Antes,
porém, de começar a tratar mais exaustivamente da natureza do homem, convém
inserir algo a respeito dos anjos; porquanto, visto que, acomodando-se à insofisticada
mentalidade das pessoas simples, Moisés não menciona na história da Criação
outras obras de Deus, senão aquelas que a nossos olhos se ostentam; entretanto,
quando em seguida introduz os anjos na condição de ministros de Deus,
podese facilmente concluir que aquele a quem devotam sua atividade e
misteres é seu Criador. Portanto, embora Moisés, falando em termos
comuns, a partir dos primeiros
rudimentos,
não enumere imediatamente os anjos entre as criaturas de Deus, contudo nada
impede que, lúcida e explicidamente, refiramos a respeito deles o que a
Escritura ensina reiteradamente em outras passagens; porquanto, se ansiamos em conhecer
as obras de Deus, de modo algum se deve omitir tão preclaro e nobre
exemplar.
Acresce que, para a refutação de muitos erros, mui necessária é esta parte da
doutrina.
A
preeminência da natureza angélica de tal modo tem obcecado a mente de muitos,
que chegaram a pensar que se lhes faz agravo, se fossem, por assim dizer, forçados
em sua condição de criaturas a sujeitar-se à autoridade do Deus único. E por
isso chegaram a atribuir-lhes certa divindade.
Surgiu
também Mani, com sua seita, que engendrou para si dois princípios absolutos:
Deus e o Diabo. E a Deus, naturalmente, atribuía a origem das coisas boas, mas
as chamadas naturezas más ele as atribuía, por autor, ao Diabo.

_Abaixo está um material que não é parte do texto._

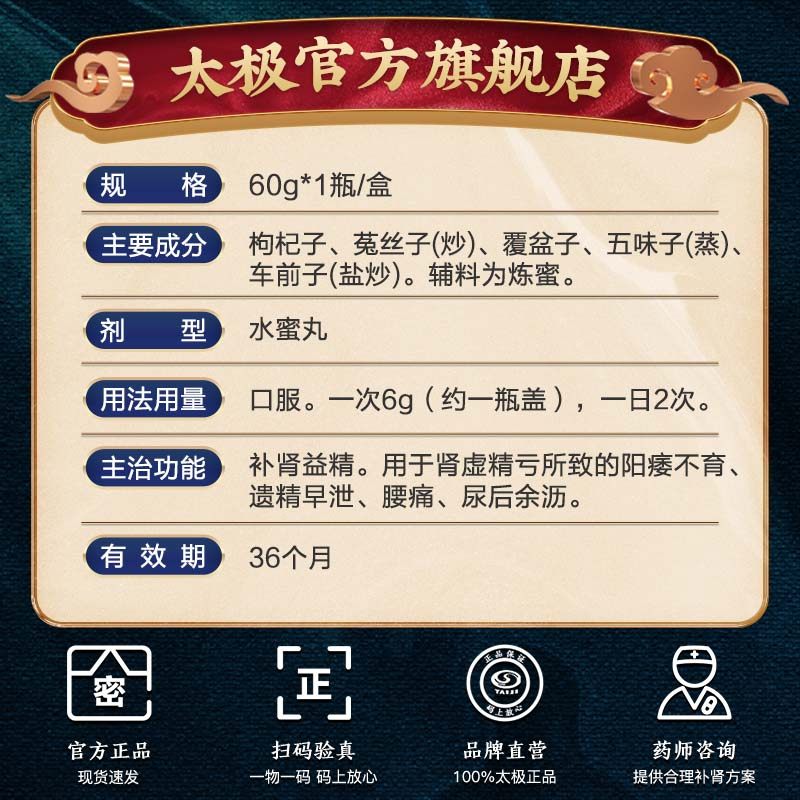 五子衍宗丸补肾养精补精强肾肾虚 太极医药男科用药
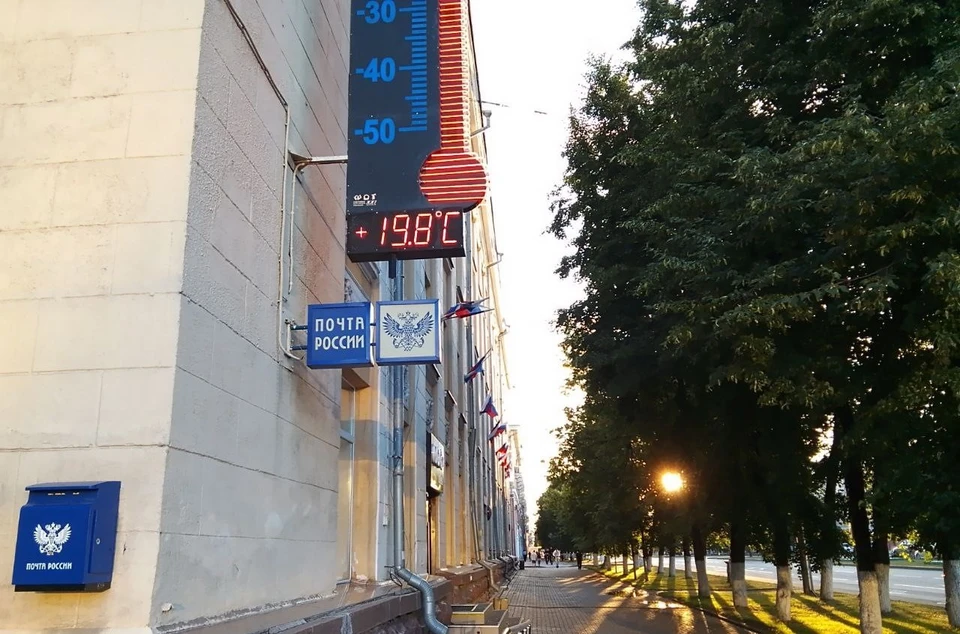Перед началом осени погода подарит кузбассовцам летнее тепло.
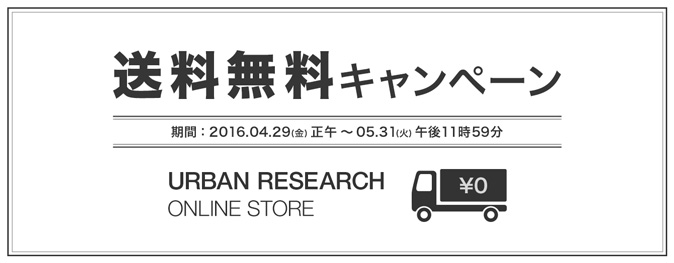 アーバンリサーチオンラインストア 送料無料キャンペーン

Se desvario como esse nos mantivesse enredilhada a mente, não se poderia dar a
Deus a glória
que ele
merece na criação do mundo. Ora, uma vez que, por assim dizer, nada seja mais
próprio de Deus que a eternidade, e a auvtousi,a [autousíâ], isto é, a
existência própria, aqueles que atribuem isto ao Diabo porventura não
estão, de certo modo, a
adorná-lo
com o título da divindade? Onde, pois, a onipotência de Deus, se ao Diabo se
concede tal poder que, contra a vontade de Deus e a despeito de sua oposição, leve
a bom termo tudo quanto deseja?
Mas o único
fundamento que os maniqueus têm – não ser próprio atribuir-se a um Deus bom a
criação de qualquer coisa má –, isto nem de leve fere a fé ortodoxa, a qual não
admite que no universo inteiro haja alguma natureza má, porquanto nem a
depravação e malignidade, seja do homem, seja do Diabo, ou os pecados que daí
nascem,
provêm da natureza, mas da corrupção da natureza; nem de início há
absolutamente nada que exista em que Deus não haja estampado o selo, tanto de
sua sabedoria, quanto de sua justiça.
Portanto,
para que se vá de encontro a essas cogitações pervertidas, é necessário elevar
a mente mais alto do que nossos olhos possam penetrar. É provável que para este
propósito, onde no Credo Niceno Deus é chamado o Criador de todas as coisas,
que também
se mencionem expressamente as coisas invisíveis. Contudo, nesta questão de
anjos, deve manter-se a medida que a norma da piedade prescreve, para que
não aconteça que, especulando além do que se recomenda, os leitores
vagueiem
longe da
simplicidade da fé. Porque, sendo que o Espírito Santo sempre nos ensina o que
nos convém, e as coisas que são de pouca importância para nossa edificação, ou as omite totalmente, ou as toca brevemente e como que de passagem, é
também
dever nosso
ignorar voluntariamente as coisas que não granjeiam proveito algum.